- Dataset extract -
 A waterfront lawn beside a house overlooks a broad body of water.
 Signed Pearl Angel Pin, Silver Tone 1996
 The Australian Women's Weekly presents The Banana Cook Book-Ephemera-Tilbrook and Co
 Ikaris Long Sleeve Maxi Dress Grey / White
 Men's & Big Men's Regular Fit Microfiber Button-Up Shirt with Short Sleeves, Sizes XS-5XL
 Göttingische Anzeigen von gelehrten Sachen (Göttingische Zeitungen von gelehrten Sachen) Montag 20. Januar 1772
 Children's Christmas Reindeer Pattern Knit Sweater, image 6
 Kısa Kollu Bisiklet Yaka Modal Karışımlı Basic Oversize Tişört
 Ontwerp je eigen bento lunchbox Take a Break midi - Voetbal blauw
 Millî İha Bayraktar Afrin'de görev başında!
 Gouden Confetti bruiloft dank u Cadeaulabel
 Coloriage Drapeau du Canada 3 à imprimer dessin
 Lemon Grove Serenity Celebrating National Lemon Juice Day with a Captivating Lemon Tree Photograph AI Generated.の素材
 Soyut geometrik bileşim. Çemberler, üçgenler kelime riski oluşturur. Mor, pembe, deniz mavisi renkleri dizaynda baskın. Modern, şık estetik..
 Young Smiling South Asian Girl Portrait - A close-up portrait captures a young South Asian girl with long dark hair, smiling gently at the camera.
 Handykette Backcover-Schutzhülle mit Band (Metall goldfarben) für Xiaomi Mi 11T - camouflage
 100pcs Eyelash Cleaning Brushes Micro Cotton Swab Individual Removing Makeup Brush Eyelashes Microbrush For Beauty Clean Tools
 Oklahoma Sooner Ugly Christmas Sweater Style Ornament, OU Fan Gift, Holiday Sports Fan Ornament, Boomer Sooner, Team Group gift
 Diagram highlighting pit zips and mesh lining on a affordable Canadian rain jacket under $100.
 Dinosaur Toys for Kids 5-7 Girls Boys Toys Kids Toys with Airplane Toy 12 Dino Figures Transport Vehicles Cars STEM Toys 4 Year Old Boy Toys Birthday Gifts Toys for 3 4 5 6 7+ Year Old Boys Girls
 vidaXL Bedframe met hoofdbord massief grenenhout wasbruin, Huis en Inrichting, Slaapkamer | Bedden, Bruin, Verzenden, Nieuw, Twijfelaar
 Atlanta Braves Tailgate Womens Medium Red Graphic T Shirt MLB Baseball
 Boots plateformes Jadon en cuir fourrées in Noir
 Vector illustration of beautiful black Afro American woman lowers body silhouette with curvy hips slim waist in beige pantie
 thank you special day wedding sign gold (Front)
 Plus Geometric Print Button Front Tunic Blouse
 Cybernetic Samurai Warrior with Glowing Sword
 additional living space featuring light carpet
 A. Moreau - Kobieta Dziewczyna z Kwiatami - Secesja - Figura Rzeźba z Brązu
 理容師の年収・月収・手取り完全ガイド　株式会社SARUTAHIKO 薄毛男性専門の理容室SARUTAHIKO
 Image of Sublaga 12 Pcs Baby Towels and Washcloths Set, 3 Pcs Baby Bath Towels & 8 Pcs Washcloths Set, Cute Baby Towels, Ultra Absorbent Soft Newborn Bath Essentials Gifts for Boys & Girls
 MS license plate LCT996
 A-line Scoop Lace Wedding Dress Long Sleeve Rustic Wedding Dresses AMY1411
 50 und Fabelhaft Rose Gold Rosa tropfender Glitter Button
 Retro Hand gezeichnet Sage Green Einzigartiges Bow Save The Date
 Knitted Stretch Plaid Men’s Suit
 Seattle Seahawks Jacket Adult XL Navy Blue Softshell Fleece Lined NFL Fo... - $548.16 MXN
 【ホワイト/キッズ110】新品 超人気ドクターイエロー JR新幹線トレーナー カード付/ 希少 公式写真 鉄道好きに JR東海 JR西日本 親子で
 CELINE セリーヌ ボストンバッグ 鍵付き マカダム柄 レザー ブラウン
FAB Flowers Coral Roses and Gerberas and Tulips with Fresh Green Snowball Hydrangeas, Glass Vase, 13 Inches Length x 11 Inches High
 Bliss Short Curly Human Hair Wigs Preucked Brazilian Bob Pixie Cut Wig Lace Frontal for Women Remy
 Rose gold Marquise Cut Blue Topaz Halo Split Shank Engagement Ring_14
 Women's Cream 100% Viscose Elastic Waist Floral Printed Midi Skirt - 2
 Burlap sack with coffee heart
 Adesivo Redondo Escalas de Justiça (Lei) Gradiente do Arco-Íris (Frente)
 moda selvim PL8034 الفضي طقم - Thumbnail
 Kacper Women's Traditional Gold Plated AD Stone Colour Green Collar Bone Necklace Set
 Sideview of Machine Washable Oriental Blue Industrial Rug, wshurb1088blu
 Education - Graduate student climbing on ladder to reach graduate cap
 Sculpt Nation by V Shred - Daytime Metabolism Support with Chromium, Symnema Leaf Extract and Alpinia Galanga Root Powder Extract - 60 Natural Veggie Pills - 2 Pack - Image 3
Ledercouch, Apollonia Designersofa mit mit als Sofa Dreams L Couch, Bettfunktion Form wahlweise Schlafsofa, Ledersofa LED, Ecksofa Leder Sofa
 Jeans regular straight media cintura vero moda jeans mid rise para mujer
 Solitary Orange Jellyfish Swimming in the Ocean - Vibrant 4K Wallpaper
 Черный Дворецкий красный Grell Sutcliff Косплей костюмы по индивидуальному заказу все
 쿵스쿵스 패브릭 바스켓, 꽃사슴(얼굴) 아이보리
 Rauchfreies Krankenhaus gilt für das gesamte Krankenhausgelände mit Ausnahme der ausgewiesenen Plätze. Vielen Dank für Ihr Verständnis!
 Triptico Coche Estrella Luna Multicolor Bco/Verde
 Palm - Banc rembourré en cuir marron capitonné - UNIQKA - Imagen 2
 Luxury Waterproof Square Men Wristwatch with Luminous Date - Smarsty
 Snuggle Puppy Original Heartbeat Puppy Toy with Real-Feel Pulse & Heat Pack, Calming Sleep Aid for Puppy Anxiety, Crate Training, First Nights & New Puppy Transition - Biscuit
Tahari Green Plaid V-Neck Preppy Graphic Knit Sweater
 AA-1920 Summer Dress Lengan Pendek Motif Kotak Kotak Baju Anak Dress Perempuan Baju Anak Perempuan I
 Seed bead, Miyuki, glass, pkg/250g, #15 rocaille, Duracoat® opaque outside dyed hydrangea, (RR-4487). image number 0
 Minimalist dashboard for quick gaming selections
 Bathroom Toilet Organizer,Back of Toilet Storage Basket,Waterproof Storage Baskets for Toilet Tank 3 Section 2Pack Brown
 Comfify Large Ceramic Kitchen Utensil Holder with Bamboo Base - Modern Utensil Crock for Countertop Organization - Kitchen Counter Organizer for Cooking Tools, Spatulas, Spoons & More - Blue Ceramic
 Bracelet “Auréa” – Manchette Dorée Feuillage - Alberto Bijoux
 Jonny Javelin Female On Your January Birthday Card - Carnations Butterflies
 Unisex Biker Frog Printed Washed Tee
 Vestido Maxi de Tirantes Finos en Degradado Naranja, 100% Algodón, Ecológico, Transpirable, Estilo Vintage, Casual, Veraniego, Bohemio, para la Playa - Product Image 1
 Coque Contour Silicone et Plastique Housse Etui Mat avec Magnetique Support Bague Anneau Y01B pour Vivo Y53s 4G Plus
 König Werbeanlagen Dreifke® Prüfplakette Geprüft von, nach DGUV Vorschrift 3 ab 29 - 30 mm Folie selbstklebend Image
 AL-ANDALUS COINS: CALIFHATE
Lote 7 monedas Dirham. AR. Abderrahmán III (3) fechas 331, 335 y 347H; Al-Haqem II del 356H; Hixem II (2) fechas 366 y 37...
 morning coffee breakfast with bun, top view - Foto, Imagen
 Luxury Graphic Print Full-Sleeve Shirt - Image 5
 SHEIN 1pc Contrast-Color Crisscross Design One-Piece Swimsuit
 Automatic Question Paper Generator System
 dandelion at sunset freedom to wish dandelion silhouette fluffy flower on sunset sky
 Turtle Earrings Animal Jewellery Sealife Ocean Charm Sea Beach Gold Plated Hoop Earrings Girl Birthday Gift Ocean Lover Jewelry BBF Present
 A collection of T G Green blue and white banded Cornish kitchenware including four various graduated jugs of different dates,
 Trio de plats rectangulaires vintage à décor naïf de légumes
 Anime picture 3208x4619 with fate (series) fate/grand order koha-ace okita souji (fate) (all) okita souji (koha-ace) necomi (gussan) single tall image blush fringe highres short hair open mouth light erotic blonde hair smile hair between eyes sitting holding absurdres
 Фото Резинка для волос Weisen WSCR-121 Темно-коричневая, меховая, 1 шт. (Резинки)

- What is needed -
In the listing above, start at the line with "Burlap sack with coffee heart", go on through the line with "Черный Дворецкий красный", and copy each of those lines exactly; leave out all the rest.

- Solution -
 Burlap sack with coffee heart
 Adesivo Redondo Escalas de Justiça (Lei) Gradiente do Arco-Íris (Frente)
 moda selvim PL8034 الفضي طقم - Thumbnail
 Kacper Women's Traditional Gold Plated AD Stone Colour Green Collar Bone Necklace Set
 Sideview of Machine Washable Oriental Blue Industrial Rug, wshurb1088blu
 Education - Graduate student climbing on ladder to reach graduate cap
 Sculpt Nation by V Shred - Daytime Metabolism Support with Chromium, Symnema Leaf Extract and Alpinia Galanga Root Powder Extract - 60 Natural Veggie Pills - 2 Pack - Image 3
Ledercouch, Apollonia Designersofa mit mit als Sofa Dreams L Couch, Bettfunktion Form wahlweise Schlafsofa, Ledersofa LED, Ecksofa Leder Sofa
 Jeans regular straight media cintura vero moda jeans mid rise para mujer
 Solitary Orange Jellyfish Swimming in the Ocean - Vibrant 4K Wallpaper
 Черный Дворецкий красный Grell Sutcliff Косплей костюмы по индивидуальному заказу все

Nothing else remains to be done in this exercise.